— Assignment —
Set down every record below exactly as it stands, leaving out the pictures.

— Material provided —

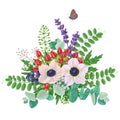 Bouquet of anemones and flying butterfly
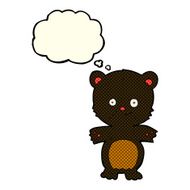 cartoon black bear cub with thought bubble N38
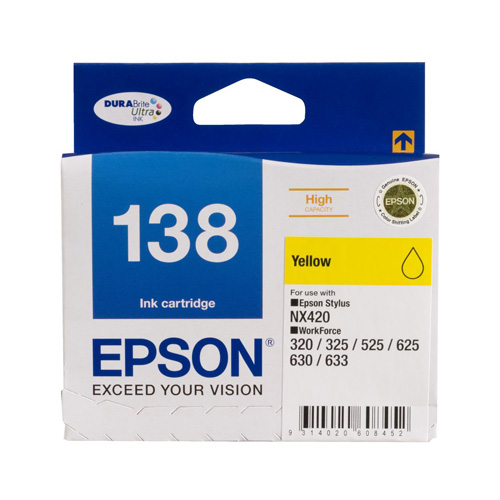 Epson 138 Yellow High Yield Genuine Ink Cartridge (C13T138492)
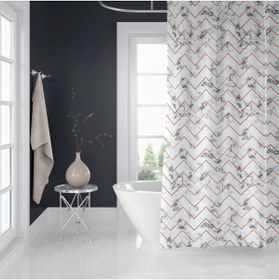 Resim Zethome Banyo Duş Perdesi 5705 Mavi 180x200 Perde Borusu Askı Aparatı 120x200 Hediyeli 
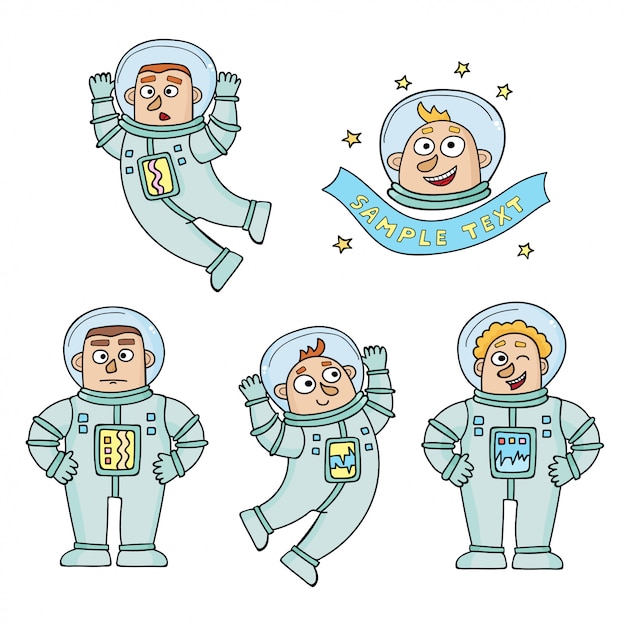 Set di astronauti di colore del fumetto isolato su bianco.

— Result for this exercise —
 Bouquet of anemones and flying butterfly
 cartoon black bear cub with thought bubble N38
 Epson 138 Yellow High Yield Genuine Ink Cartridge (C13T138492)
 Resim Zethome Banyo Duş Perdesi 5705 Mavi 180x200 Perde Borusu Askı Aparatı 120x200 Hediyeli 
 Set di astronauti di colore del fumetto isolato su bianco.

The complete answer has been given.